Desjardins Group reported a $519 million surplus to members’ earnings before dividends in the first quarter of 2022, down 34% compared to the corresponding period last year.
The cooperative indicated in a press release today, Thursday, that this decline is “mainly attributed to the large sums invested in strategic projects, especially in terms of digital transformation and security, as well as the increase in claims related to the insurance sector.” However, it was mitigated by an increase in net interest income and other operating income.
However, for the quarter ended March 31, 2022, Desjardins also reported operating income of 5.6% higher than the same period last year. The provision for favoritism was $102 million, an increase of $12 million over the first quarter of 2021.
“These results and the financial strength of the Desjardins Group allow us to invest more in tangible solutions for our members and customers, particularly in technology and sustainable development,” said Desjardins Group President and CEO, Guy Cormier.
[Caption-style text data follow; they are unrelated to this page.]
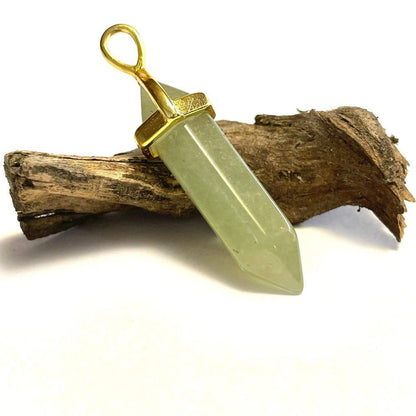 Creen Aventurine Hexagonal Pointed Gemstone Pendant, Gold Plated Brass, Crystal Healing Pendant, Boho Hippie Crystal 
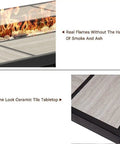 43 Inch Outdoor Gas Fire Pit Table With 60,000 BTU Propane Heat, CSA Safety Approved, ceramic tile top detail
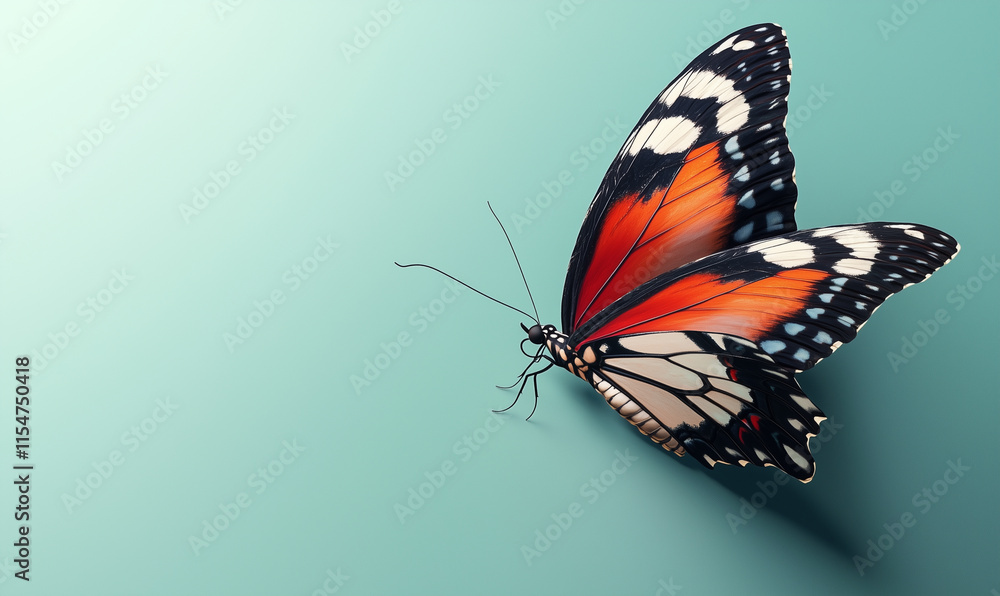 Fototapeta premium A vibrant butterfly with orange and black patterns resting on a teal surface, showcasing its delicate wings and intricate details.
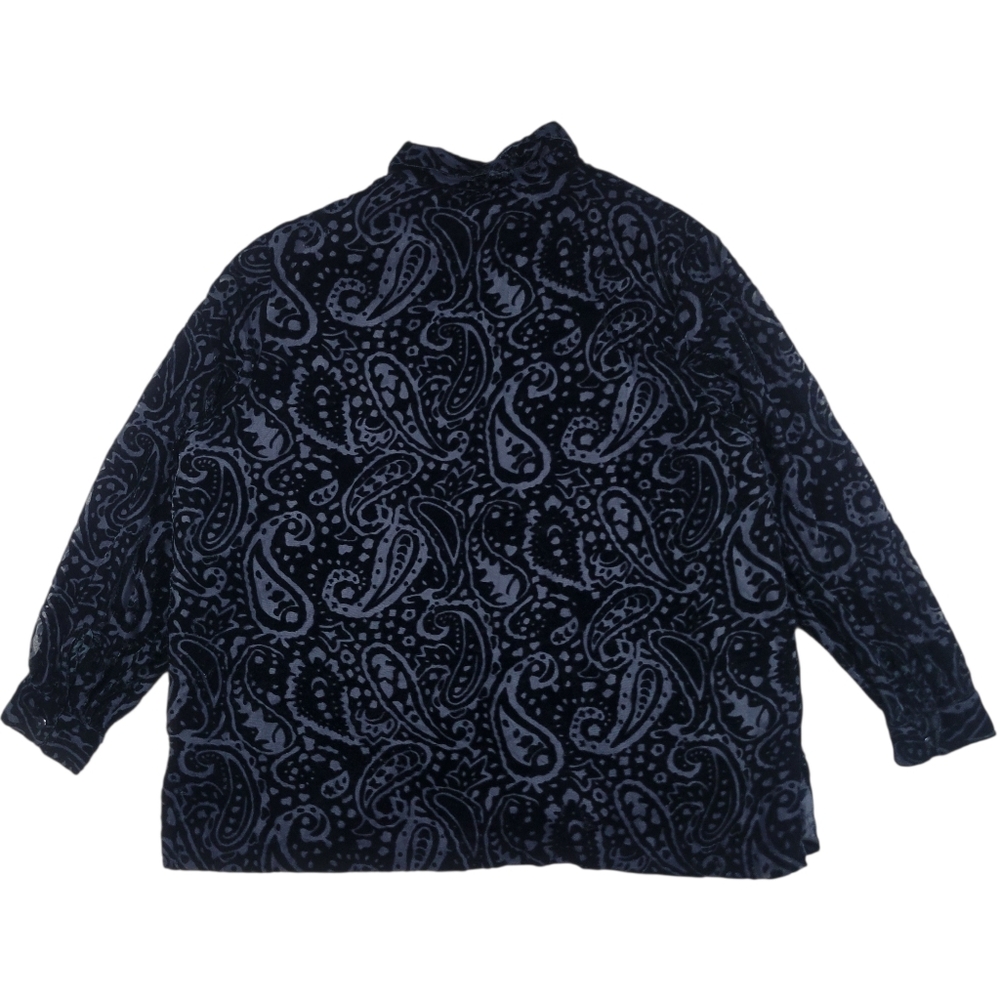 Annie Alexander Velvet Burnout Top‎ Womens 2X Black Paisley Button Front Blouse - Picture 2 of 8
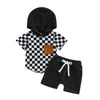Ensembles de vêtements Baby Boy Boy Set Vêtements d'été Fashion Checkerboard Pocket Pocket Pocket Short à capuche à manches courtes Shorts de taille élastique 2pcs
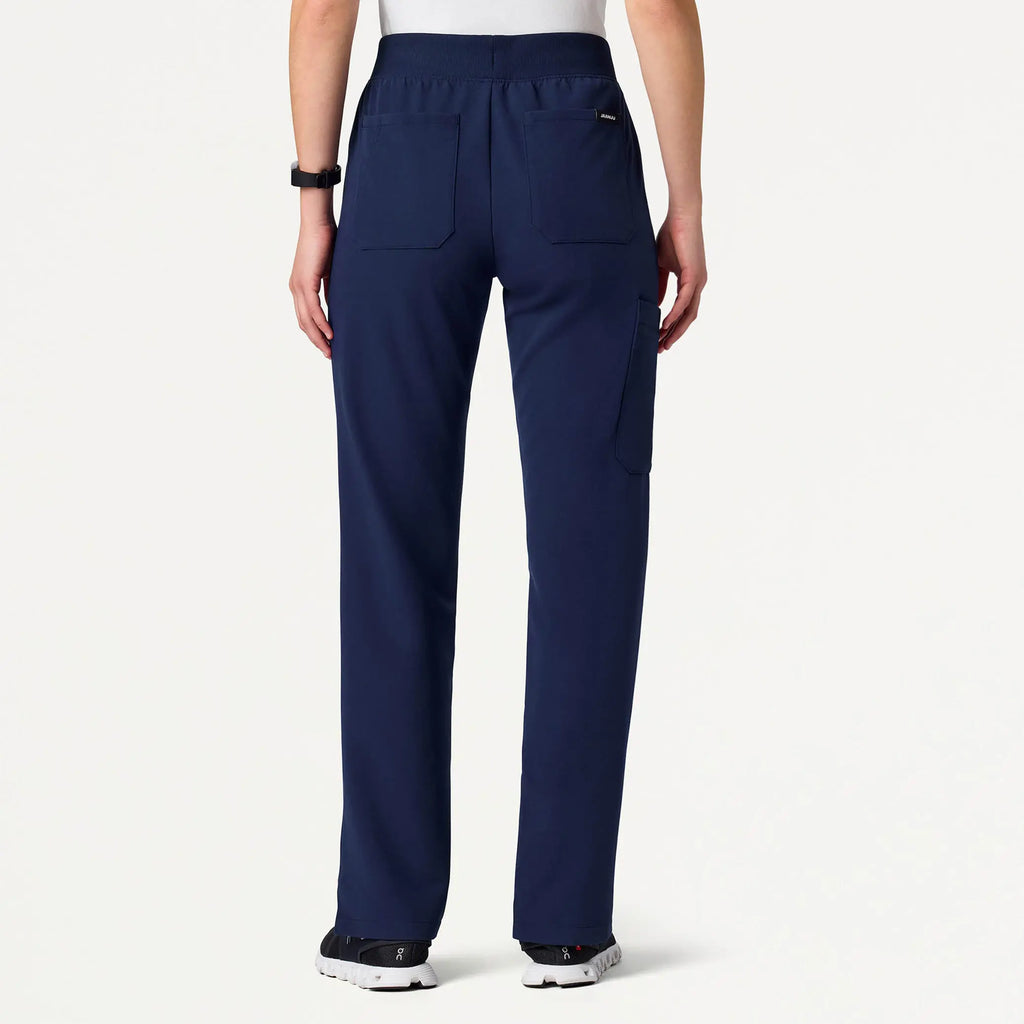 Jaanuu Scrubs Women's Xenos Cargo Knit-Waist Scrub Pant Midnight Navy | scrub-supply.com
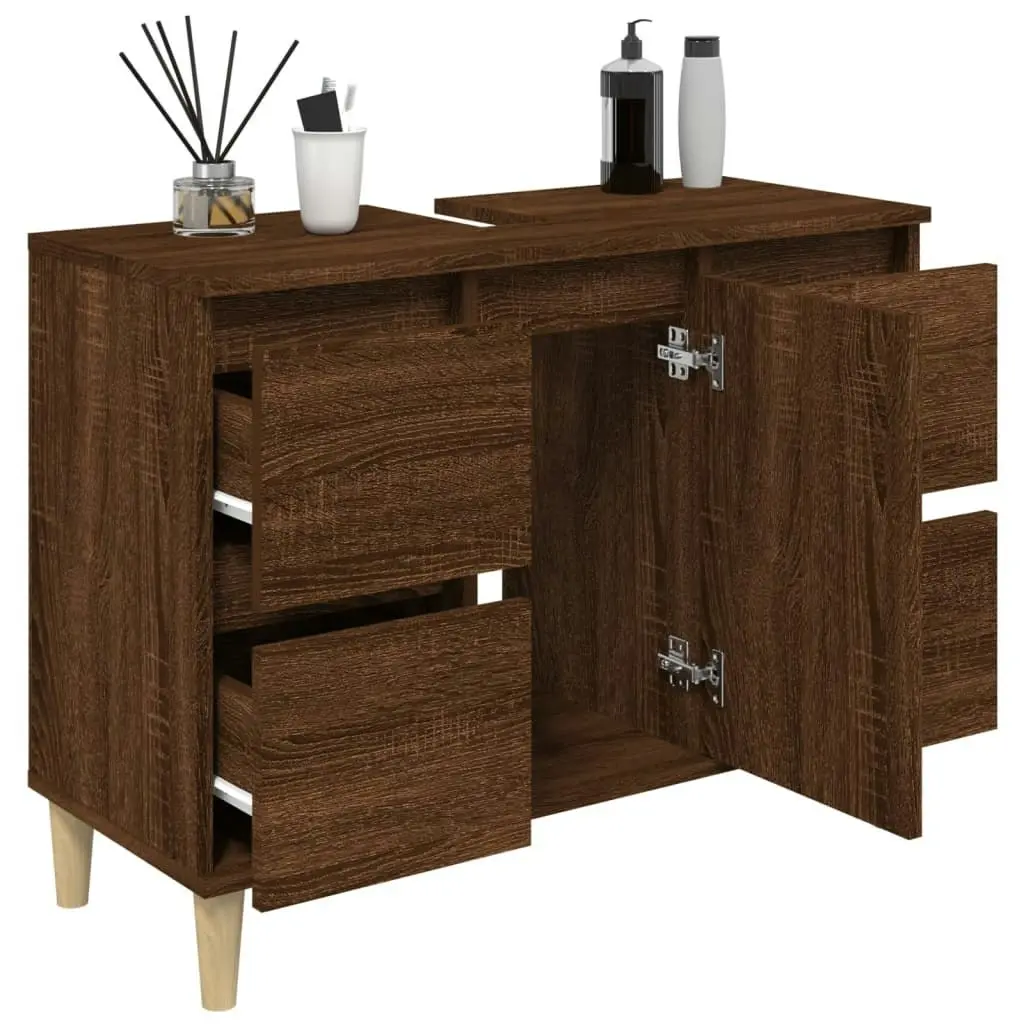 Sink Cabinet Brown Oak 80x33x60 cm Engineered Wood 821275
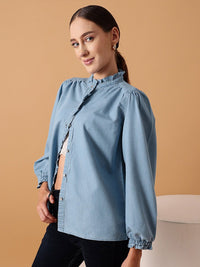 STREET 9 Comfort Denim Cotton Puff Sleeves Casual Shirt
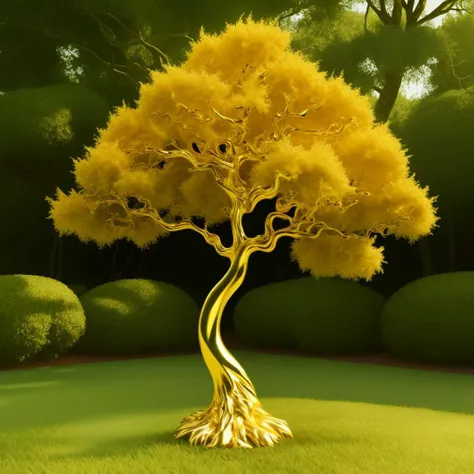 a goldcarvingcd-tree and goldcarvingcd-leaf, <lora:goldcarvingcd-000008:0.7>, high quality, masterpiece, realistic, photorealistic, long-focus, outdoors, (full body:1.2)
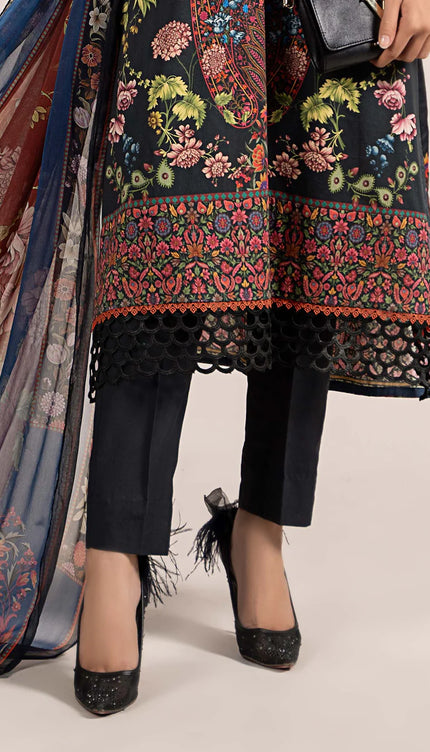 3 Piece Printed Cambric Suit | MPS-2304-B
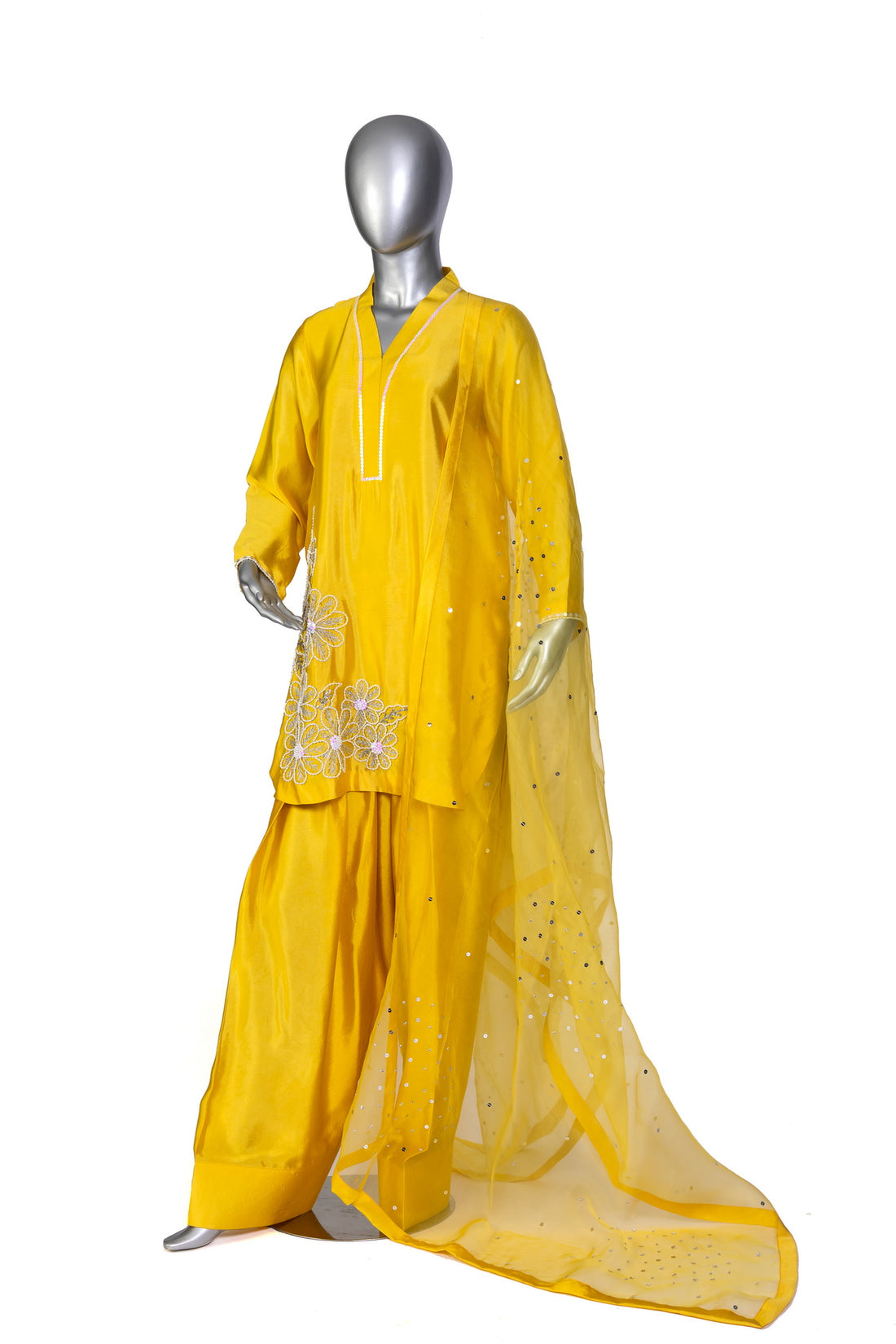 Shamsa yellow silk outfit with sheesha work, farshi shalwar, and organza dupatta for evening parties, formal events, and festive celebrations by MariamRaj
“We continue to innovate with the addition of electric stations and bike repairs [grâce au Fonds du Grand Mouvement] in our network of bags as well as by implementing incentive measures to facilitate the use of energy-efficient cars by our employees.”
As of December 31, 2021, 302 electrical stations have been installed, 279 of which are publicly available. By 2025, Desjardins would like to have 500 charging stations on its network in Quebec and eastern Ontario.